The BIOS Blog

Welcome to the dark corner of BIOS reverse engineering, code injection and various modification techniques only deemed by those immensely curious about BIOS

Sunday, July 12, 2015

The State of My Firmware Research

Well, I decided to post this because I've been over-promising and under-delivering for several years now.

Straight to the matter, I've been leaving my firmware research work in a state of hibernation for almost a year now due to a (some?)  product development work I'm still working on as of now (which I cannot elaborate further). It's not that I feel firmware is not interesting anymore. On the contrary, I feel it's far more interesting now than it used to be due to the raise of connected embedded systems (now re-badged as Internet of Things a.k.a "rather intelligent" data collection systems). The main problem for me is finding time to work on this research again as it's unfortunately not my day job.

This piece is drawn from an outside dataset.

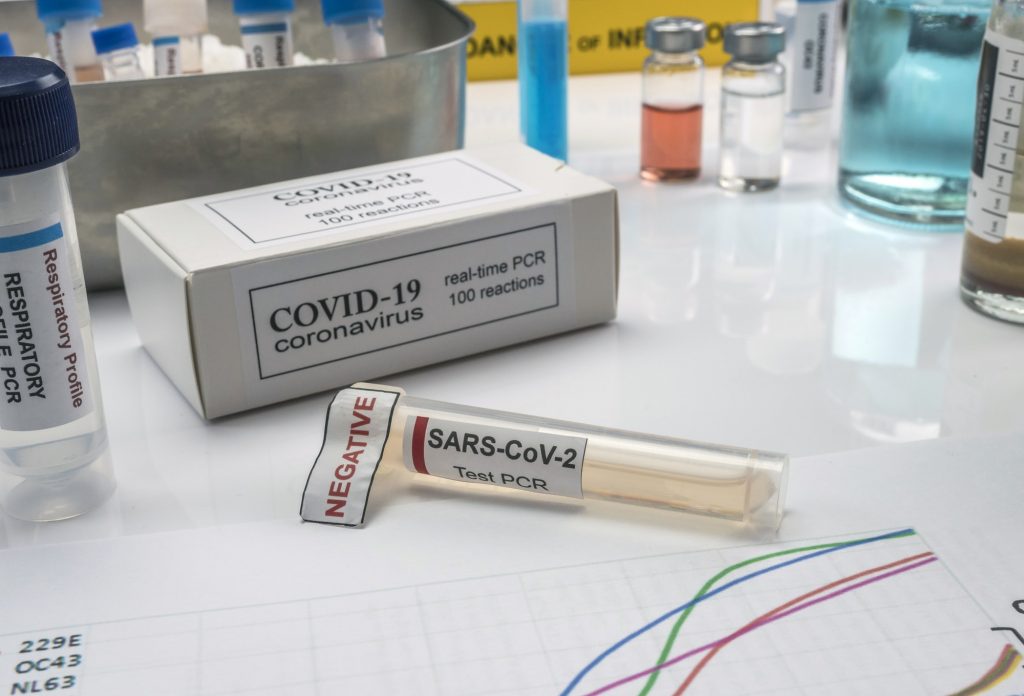 Novel coronavirus 2019 nCoV pcr diagnostics kit. This is RT-PCR kit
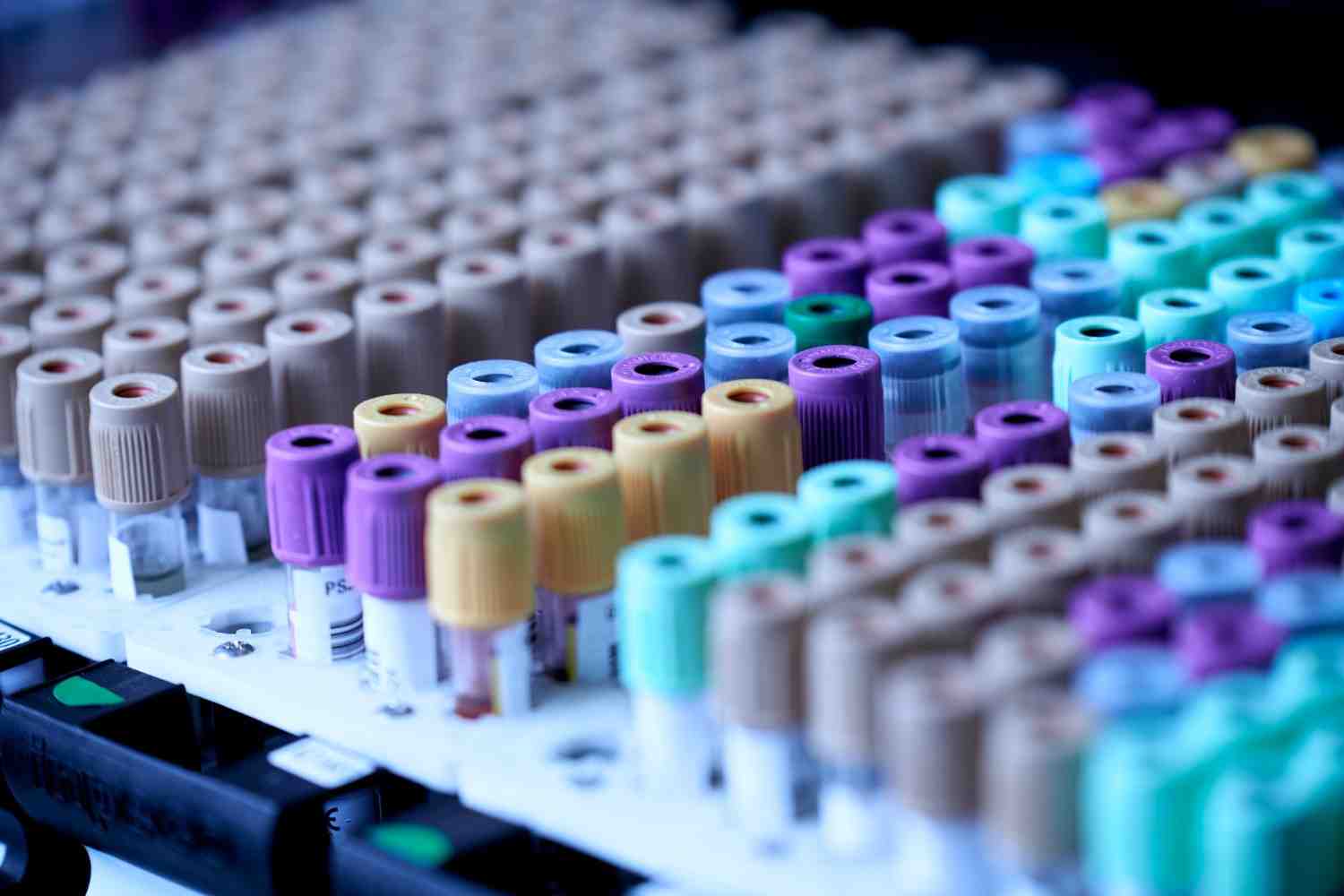 Thalassaemia Testing: Importance of Screening & Treatment Options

As for my work on the continuation of my BIOS Disassembly book project. I will try to find time for that, but I don't want to over-promise on it. Hopefully this clears things up. 

Monday, March 2, 2015

Remote Access in Legacy BIOS

In this post I'm going to talk about Remote Access in Legacy BIOS via serial console. I aware some (or most) of you are aware that BIOS has provided management console via serial port for a long time. I have the opportunity to modify a customer custom Geode board BIOS to add support for Serial Console a few years ago. It's a quite nifty but rather buggy implementation though (I meant the serial console module). This one is from AMIBIOS Core8. This is the screen shot from minicom in Arch Linux.

As you can see, the terminal looks like how you would expect it when accessed via real keyboard. Unfortunately, some function keys are not working as expected. You can configure the serial port just like you'd expect on old BIOS with serial port support, i.e. the BAUD rate, flow control, bit-ness (8-bit), etc.. The Remote Access menu in the picture is where one would configure the serial port setting for the remote access (serial console).

I'm "dusting-off" this old board from storage because it's quite a nice board to tinker with. I almost forgot that it has remote BIOS access feature back then. Basically, it works like Linux serial terminal in most embedded Linux boards out there. But, this one is limited. I think many enterprise-class motherboard has this feature back in the day and also today because it's a very crucial feature for remote manageability especially if you have thousands of machine to work with. Keep watching this one guys ;-). It's gonna be interesting..

Saturday, July 12, 2014

How Boot Firmware Development and Driver Development Differs--PCI Bus Implementation Case Study

This post is not BIOS/UEFI specific per-se. However, it has a very close relation to it because it delves deep into Windows device driver architecture.

Most of BIOS/UEFI modules are aware of the CPU architecture, motherboard chipset and all supporting logic in which it runs. However, the same assumption cannot be made for an OS, such as Windows. Therefore, BIOS/UEFI modules mostly can take for granted the CPU and bus architecture in which it will run. The same is not true for a device driver. For example, a PCI or PCIe explansion card can be used in the same operating system but runs on entirely different CPU architecture. This means device driver creator couldn't and shouldn't assume the CPU architecture and bus architecture in which it will eventually run.

This series of posts by Windows PnP subsystem developer is very enlightening in this respect:

This hopefully shed some light in system software developments :)

Sunday, May 11, 2014

(Cross) Compiling My Sample PCI Expansion ROM Code

My sample PCI Expansion ROM code over at Low Cost Embedded x86 Teaching Tool is no longer compile-able on recent x64 Linux distributions. This is due to the fact that the default GCC toolchain in those Linux distros doesn't support output in the form of the particular ELF32 i386 required by the source code. Other possible problem is the GCC toolchain doesn't support 16-bit code output anymore, as required by the linker script.

For trouble free source code compilation, you're advised to download and build Coreboot cross compiler, see: Just invoke:

make crossgcc

in the directory where you download Coreboot (Coreboot root directory) to build the cross compiler. You'll also need to alter the Makefile of the PCI Expansion ROM code to use the newly built cross compiler. The toolchain components that you need to change in the Makefile is pretty much everyone of them, i.e: CC, LD, AS and OBJCOPY. The cross compiler should be located in the /util/crossgcc/xgcc/bin directory, once you have completed building the cross compiler. If you are still unsure about the path of the cross compiler toolchain, open the .xcompile file in Coreboot root directory.